Brief
Copy word for word the lines of the records below, beginning at the one with "Moschino Parasol 8058.fuchsia różowy AA00" and finishing at the one with "ダフルバッグ ダッフルバッグ (正面)", ends included, but none of the pictures.
──────── Data
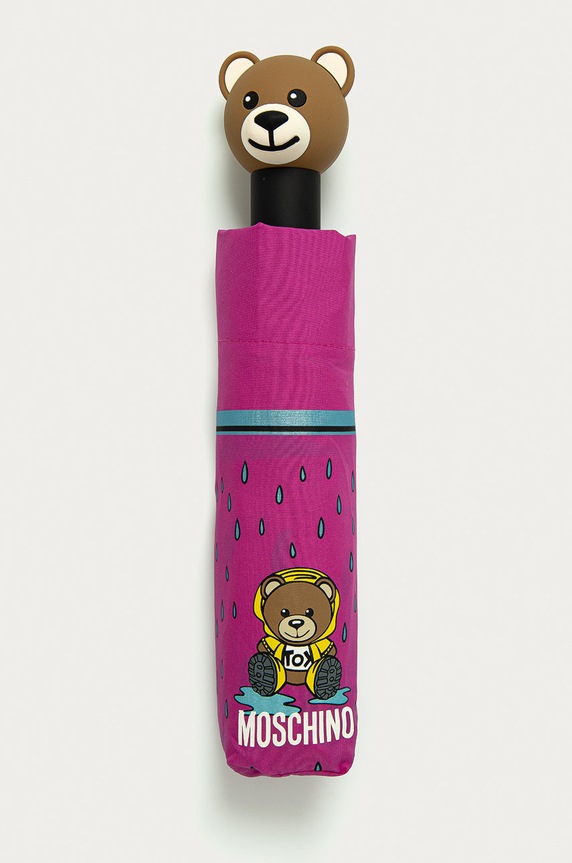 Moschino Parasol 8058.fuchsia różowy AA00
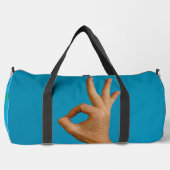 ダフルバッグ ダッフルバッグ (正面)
────────────────
──────── Data
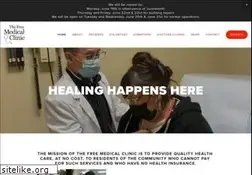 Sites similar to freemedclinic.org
────────────────
Answer space
 Moschino Parasol 8058.fuchsia różowy AA00
 ダフルバッグ ダッフルバッグ (正面)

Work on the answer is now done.